Subject: Re: Peru/Bolivia/Chile
Date: Jul 01, 2004 @ 01:09
Author: Brendan Whyte (Brendan Whyte <bwhyte@...>)
Prev    Post in Topic    Next
Prev    Post in Time    Next


>I came across a set of Bolivian postage stamps from 1992 commemorating the
>establishment of and the raising of the Bolivian flag over
>"Boliviamar" and part of the harbor of Ilo, both in Peru. Boliviamar is a
>3 mile long recreation beach. The harbor provides otherwise
>landlocked Bolivia access to the Pacific. It's not clear to me if the
>territory comprising the beach is contiguous with the harbor or not.
>I've not been able to find a good map.

I have a 1964 1:200,000 map of Ilo, a small town in Southern Peru.

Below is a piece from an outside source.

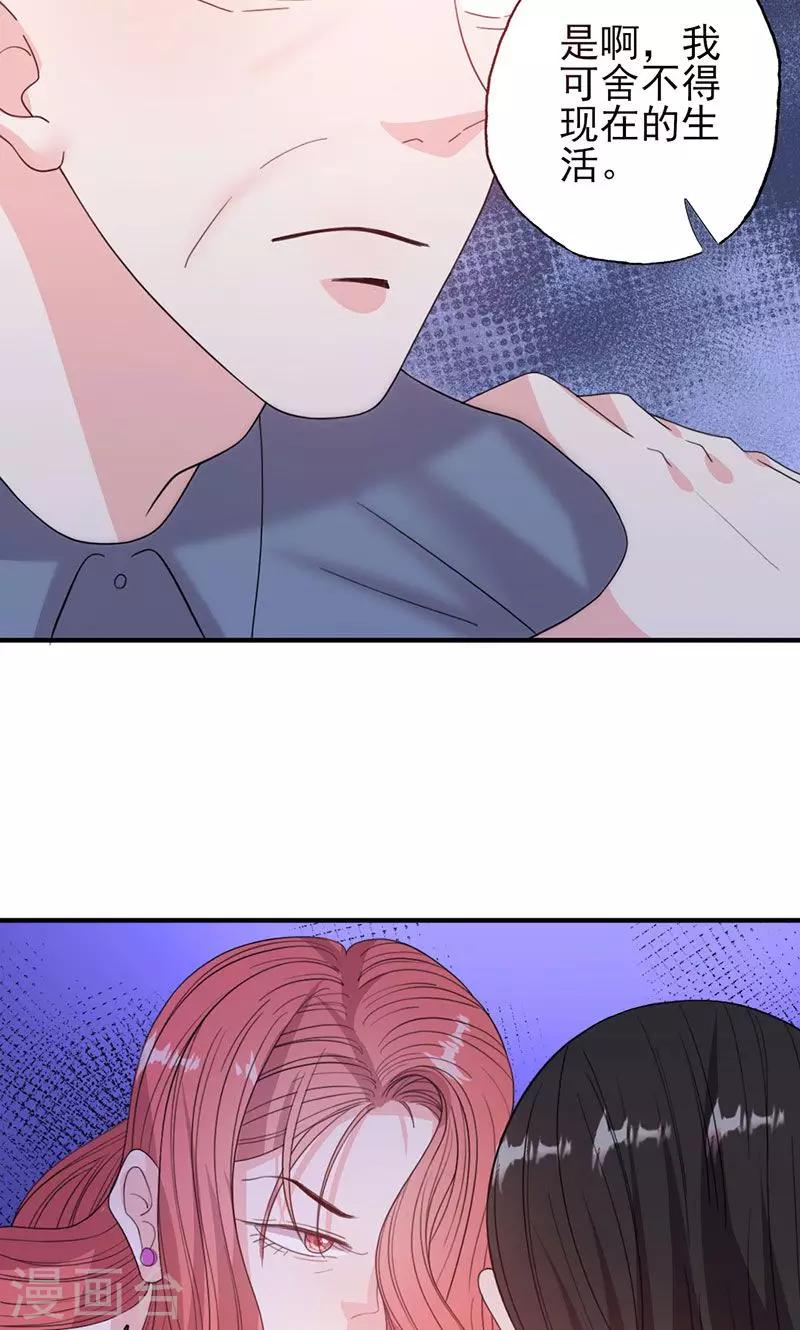 第50话 各有心思5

I'd need
to know what the beach used to be called to determine how close it is to
Ilo town.

>While trying to find a map, I came across a Chilean map that shows that
>Peru possesses three pieces of land in the northern Chilean
>harbor of Arica. On these three pieces sit the town train station, a
>customs house and a large dockside warehouse on a mole in the harbor. An
>administrative map published by the Chilean foreign ministry marks off the
>pieces and shows them as not being under Chilean control. This has existed
>since June 3, 1929, as a result of the Treaty of Lima.

You'd need to check the treaty, which would be in the League of Nations
treaty series no doubt, held by any decent academic/law library.
I would strongly suspect that they were simply customs zones for
Bolivian/Peruvian imports/exports: bonded warehouses etc. I would consider
it most unlikely that they were true international enclaves.